I am attempting a resuscitation on this pitiful blog that I let fall into a coma about two years ago. Why, I hear you asking yourself, did I let it slip away in the first place?
That's it. My simple, straightforward and unadorned confession of weakness.
When I write, I like to use humor, I like to feel witty and amuse people. When I am stressed out or unhappy I don't write... In fact, except for some rare exceptions, when I am depressed, I communicate as little as possible (except to my hubby...and I apologize profusely for making him listen to me... and he chastises me for apologizing... we came up with this system ourselves and we are very proud of it).
I am about to change that.
When I am unhappy, stressed out, pissed off, scared, or even just feeling maudlin I am going to let it out here. When I am happy, excited, hyper and just jacked on life in general that's going to be here too.

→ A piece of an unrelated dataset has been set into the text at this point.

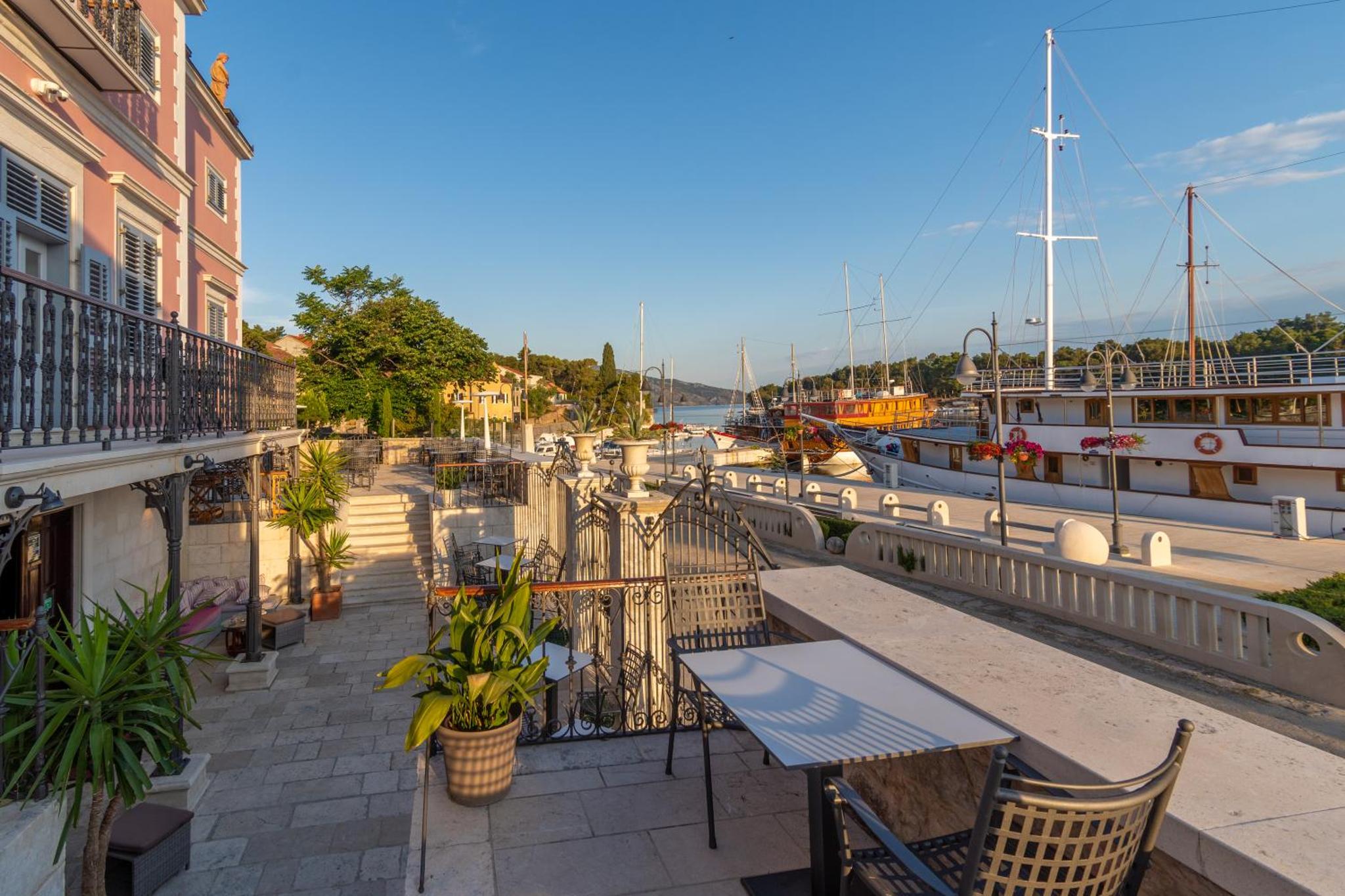 B&B Heritage Villa Apolon — thumbnail 3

I am bipolar with a severe anxiety disorder. I have friends who are also bipolar, suffer from chronic depression, have personality disorders and some of you are pretty damn near psychotic. In all honesty, when I spend any extended amount of time talking to someone who seems entirely normal, I start to worry. How fucked up do you have to be in order to hide it that well.
So I want all my beautifully damaged peoples to hang here with me. Be prepared for all of it, ranting, laughing, crying, raging, horrifying punctuation problems, misspellings and any random weirdness that just happens to be taking a stroll through my head. I will at least try to keep it interesting.
Oh... also a quick note about comments. You can say any damn thing you feel like saying. If I am going to lay it all out here...I will expect no less from y'all.